IceScrum Remote Code Execution Vulnerability in Postgres JDBC Driver

A remote code execution vulnerability has been identified in the Postgres Drivers component of IceScrum version 7.54 Pro On-prem. This vulnerability allows attackers to execute arbitrary code by sending a crafted JDBC connection string through the testDbConnection HTTP endpoint. The endpoint does not have adequate Cross-Site Request Forgery (CSRF) protections, enabling an unauthenticated attacker to manipulate an authenticated user into submitting the malicious JDBC string, which is then executed on the server with the privileges of the running process.

Impact

Exploitation of this vulnerability allows for remote code execution on the server where IceScrum is running, with the same privileges as the process executing IceScrum.

Reproduction

To reproduce this vulnerability, an authenticated user must be coerced into clicking a link that sends a crafted JDBC connection string to the testDbConnection HTTP endpoint.

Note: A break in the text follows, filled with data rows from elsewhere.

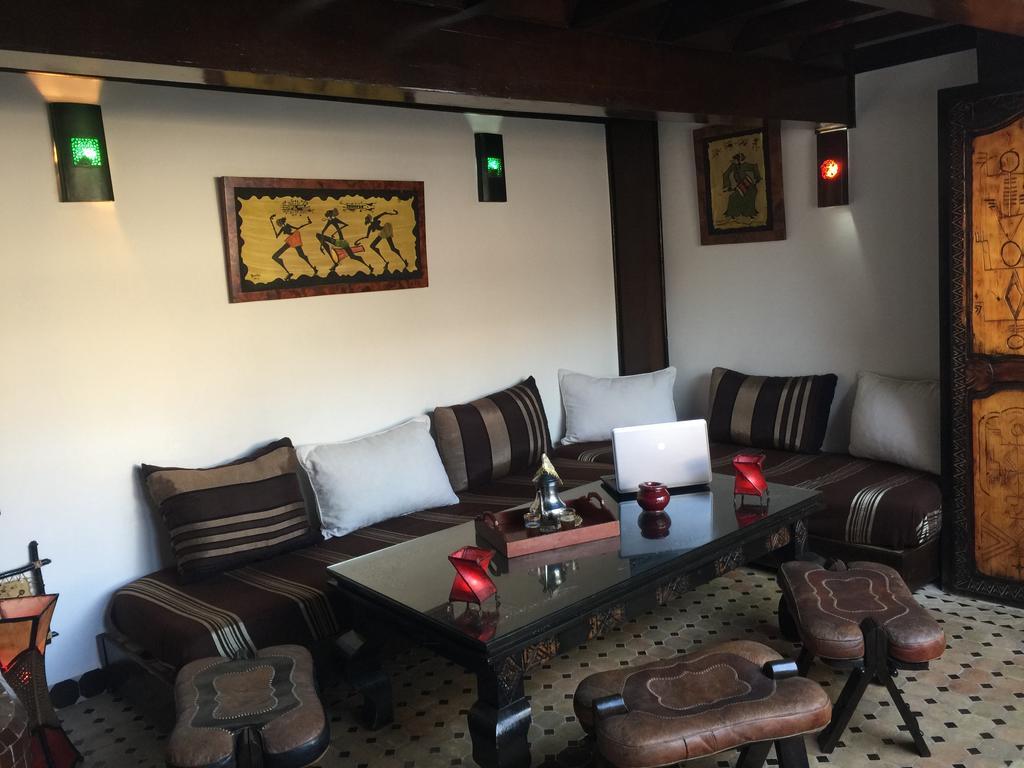 Riad Bab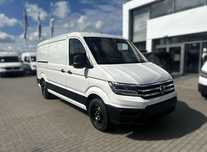 Volkswagen Crafter  L3H2! ACC, Reflektory Full LED, Automat ! od ręki! 2025!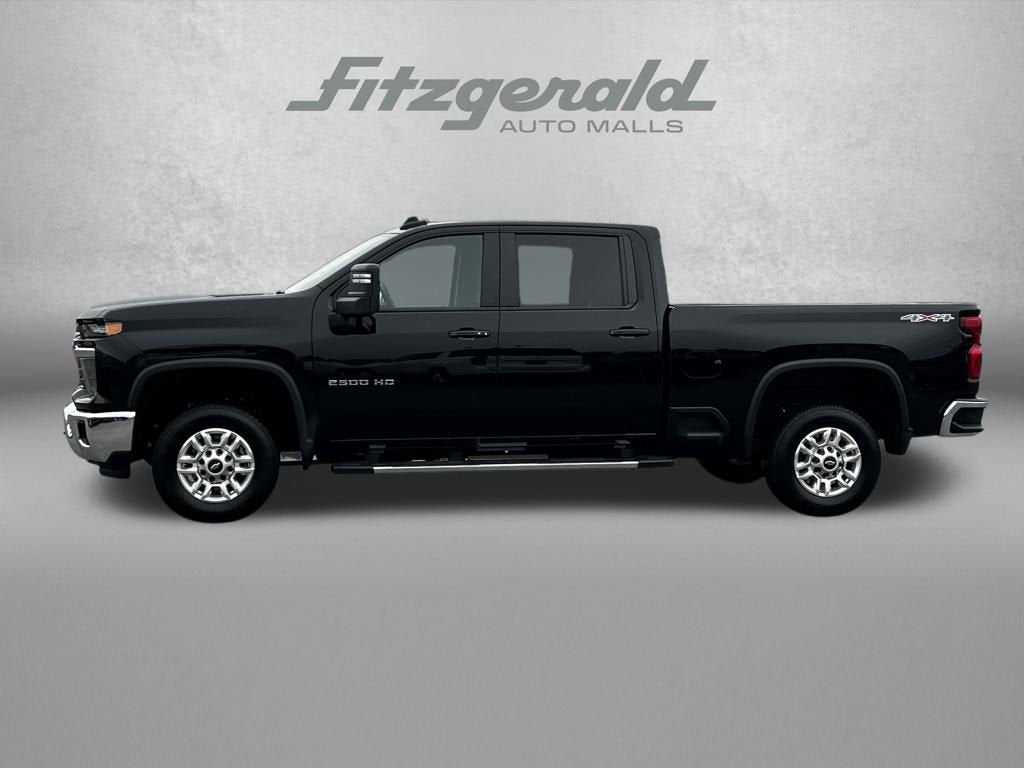 2025 Chevrolet Silverado 2500 HD LT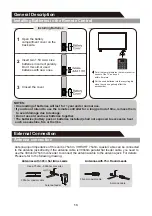 Предварительный просмотр 14 страницы VOX electronics UHD 43A11U314B Operating Instructions Manual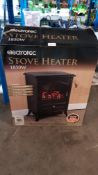 (R2B) 1 X Electrotec Stove Heater 1850W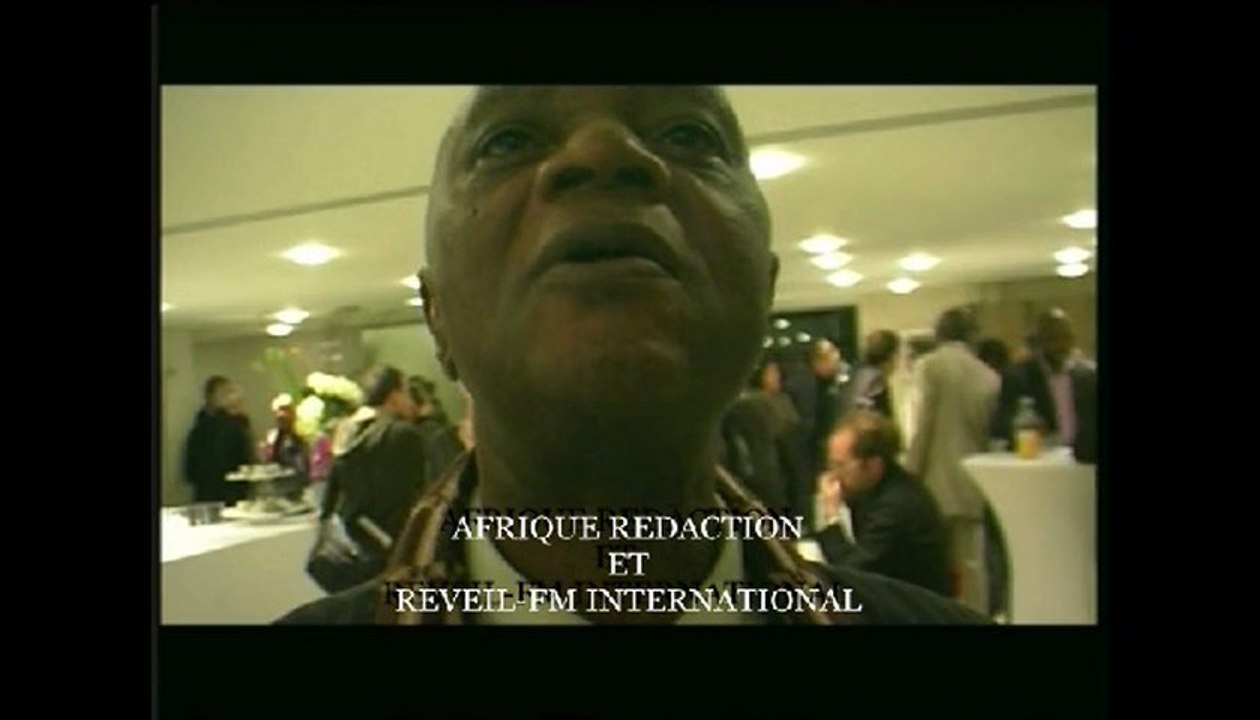 ATTAQUE AU VITRIOL DE LACINE CAMARA A JOSEPH KABILA L'INCOMPETENT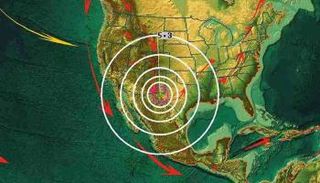 زلزال يضرب غرب تكساس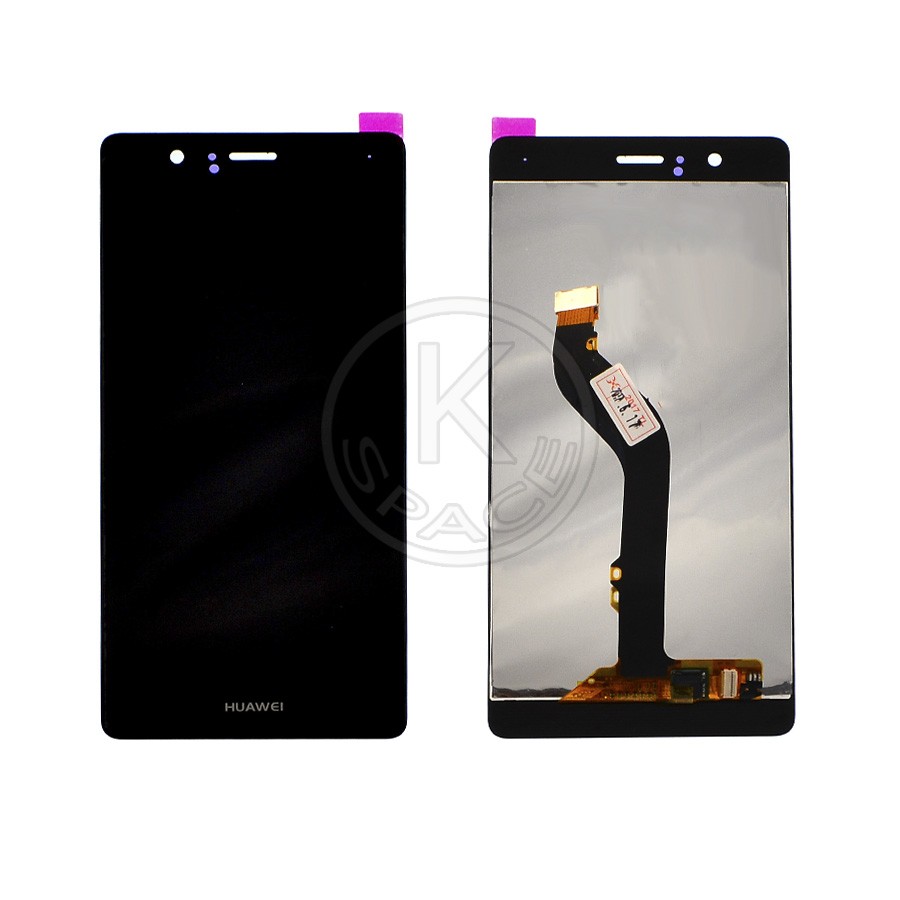 Дисплей Huawei P9 Lite 2016 | G9 Lite | Honor 8 Smart  black, без рамки, High Quiality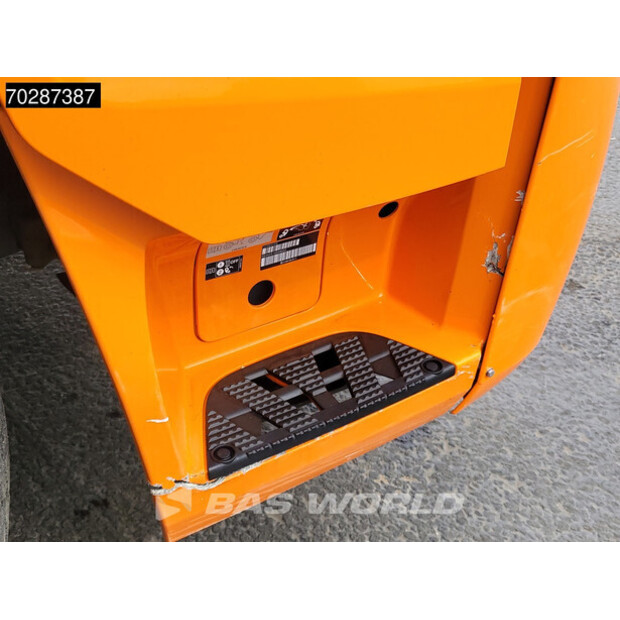 2019 Mercedes-Benz Actros 2663-41450985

This can be done by an unauthenticated attacker taking advantage of the endpoint's lack of CSRF protection. Once the malicious JDBC string is submitted, the server will execute the embedded code, leading to remote code execution.

Remediation

Users are advised to update to a version of IceScrum that is not affected by this vulnerability. Organizations should apply security patches as soon as possible.